SERIES: Do You Like Boots?
(AKA:
PART: 3 of 8
RATING: NC-17 (Explicit
Heterosexual Sexual Activity, Pos. kink, Adult thematic material, language,
adult content)
Nothing doing. He needed coffee.
Memories of the previous
night filled his mind and he grinned. Or
something stronger…
Without bothering to find his
robe, he slipped naked into the bathroom and crept up to the shower. Shirley was singing “Tiger” to herself,
oblivious to his existence. On an evil
impulse, he pulled open the curtain and growled to get her attention.
The soap cake she’d been
washing with went flying as she shrieked and he bellowed a laugh. His response aggravating her, Shirley bit
down on her bottom lip and locked her jaw, her little fist socked his shoulder
as she yelled, “are you trying to kill me?!”
“Why would I do that? If I kill you we’ll never do what we did last
night again,” he said, trying on his best Ricardo Montelbon voice-of-suaveness
as he reached out and rubbed the fluffy foam into her skin.
Shirley’s smile froze and her
cheeks began to turn pink. “Are you
asking for us…now…me?” she sputtered, her relative innocence on full display.
Carmine blinked back down at
her – he bent over and grabbed the soap from the bathroom floor and lathered it
between his hands. “You’re telling me
that you and Walter never had sex in the morning?”
Her head shot up, a look of
quiet dignity on her face. “Walter and I had a satisfying love life,” she
explained, her very attitude telling him that it had been.
“But he was vanilla?” he asked,
rubbing the suds into her skin with slow, concentric circles.
“Vanilla?” her eyes fluttered
as she tried to keep pace with his touch and the conversation.
“Yanno – you always did it on
the same day every week, at night with the shades down and the lights off.”

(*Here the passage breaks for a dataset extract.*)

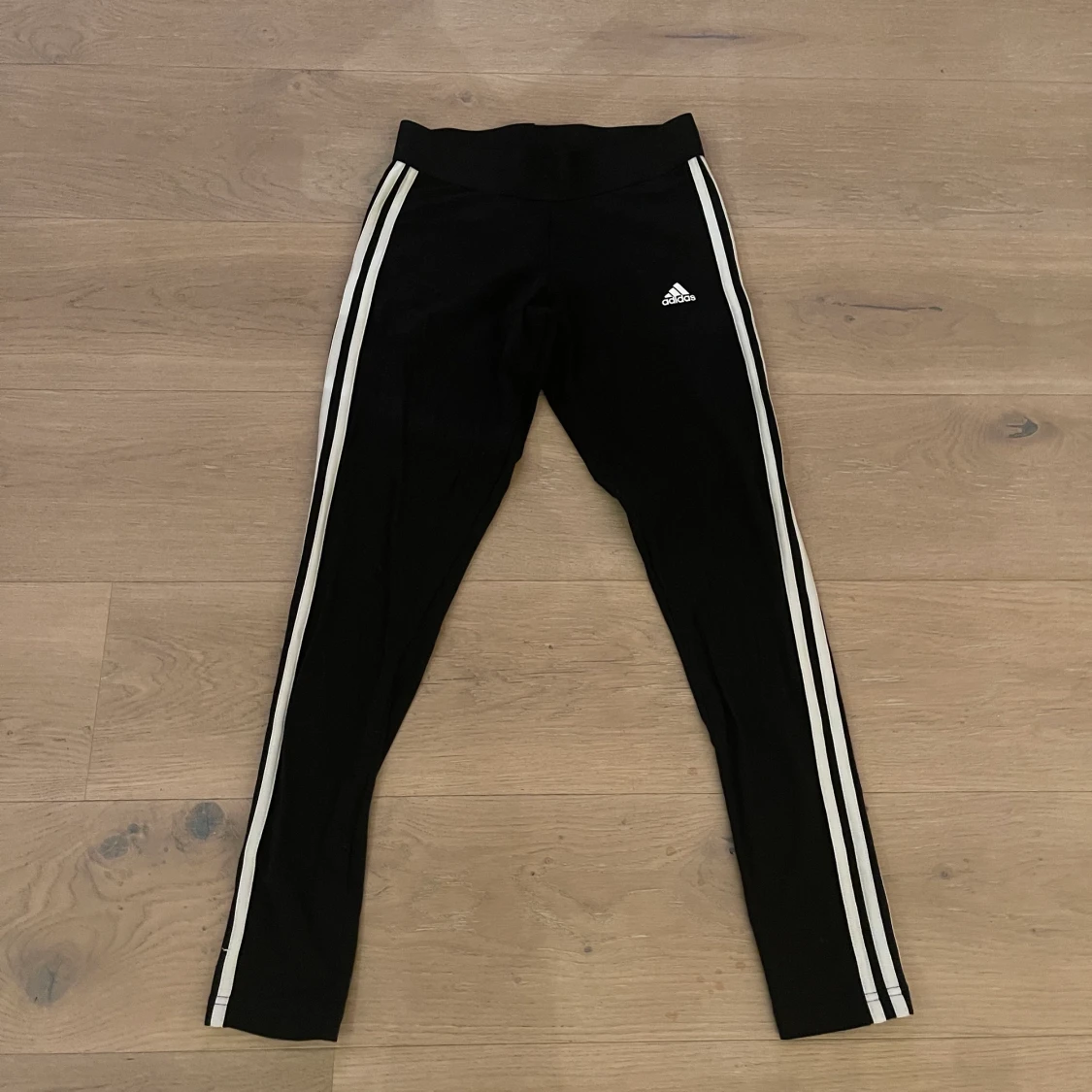 Adidas byxor storlek S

She sighed. “Walter was a tad conventional, but he did
have an imaginative streak,” she reached down and shut off the water, then
wrapped her arms around Carmine’s neck.
“You sound a little jealous,” she teased.

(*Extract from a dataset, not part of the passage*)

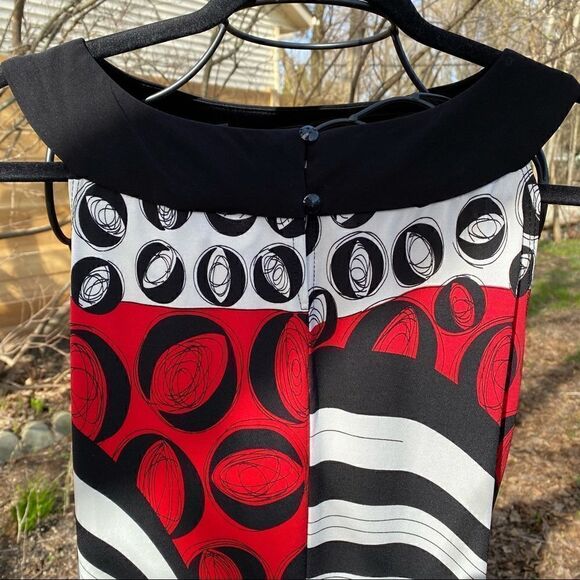 RED, BLACK & WHITE GEOMETRICAL SLEEVELESS SHEATH DRESS 14/16 NWOT - Picture 11 of 17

The thought of being jealous
of plain, conventional, square Walter made Carmine bite back a laugh. “Only ‘cause he had you for so long,” he
said, pinching her bottom appreciatively.

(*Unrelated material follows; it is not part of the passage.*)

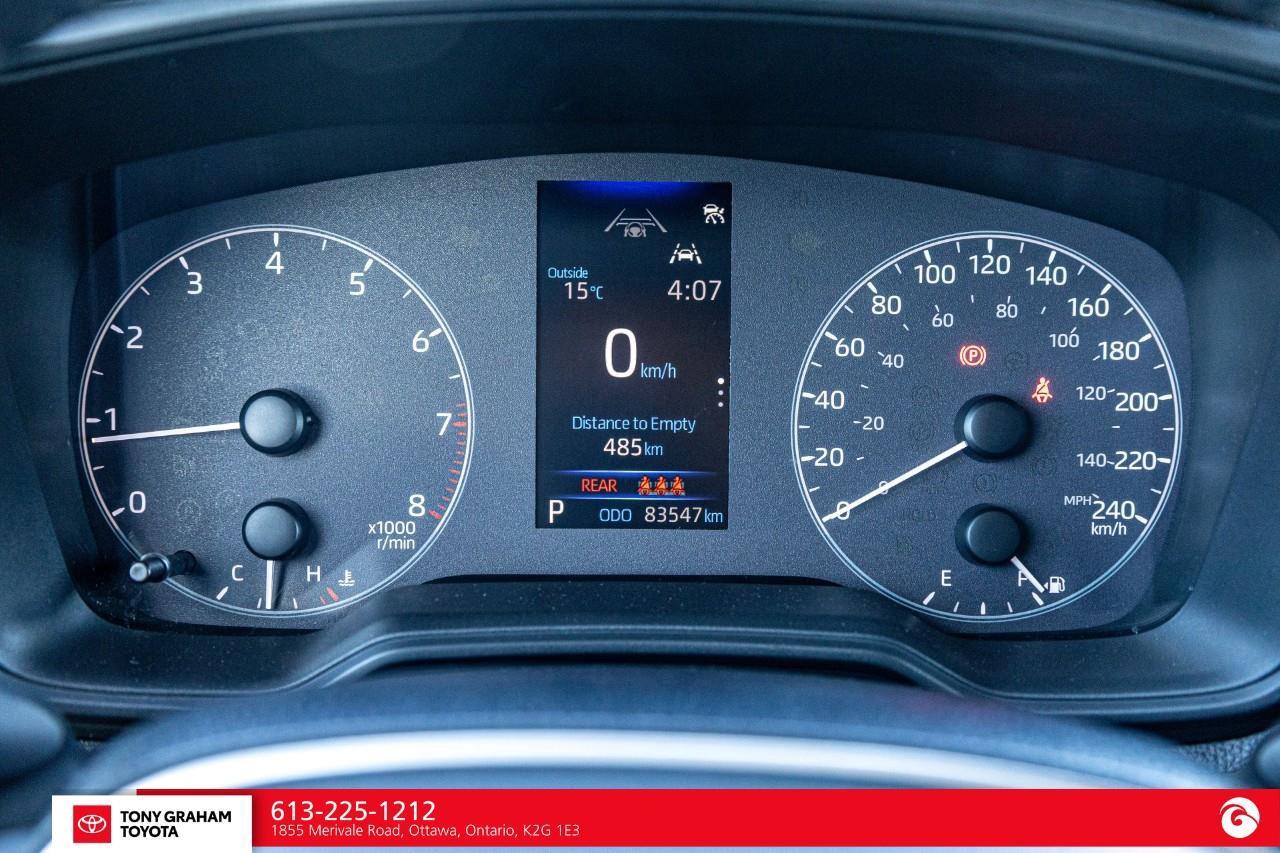 2023 Toyota Corolla Cross LE Photo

She savored the feeling of
his skin against hers for a moment, then reluctantly pushed him away. “I need to get going; I want to change before
I head down to the clinic.”
Carmine pretended to
understand, enjoying the view as she dried off and dressed in her crumpled
evening wear. His sharp mind quickly
reviewed his schedule and, when she handed him a perfumed card with her new
address and number on it, he interjected, “can you meet me for coffee at La
Maccio on your break?”
She pursed her lips. “Mine’s at two. Are you rehearsing?”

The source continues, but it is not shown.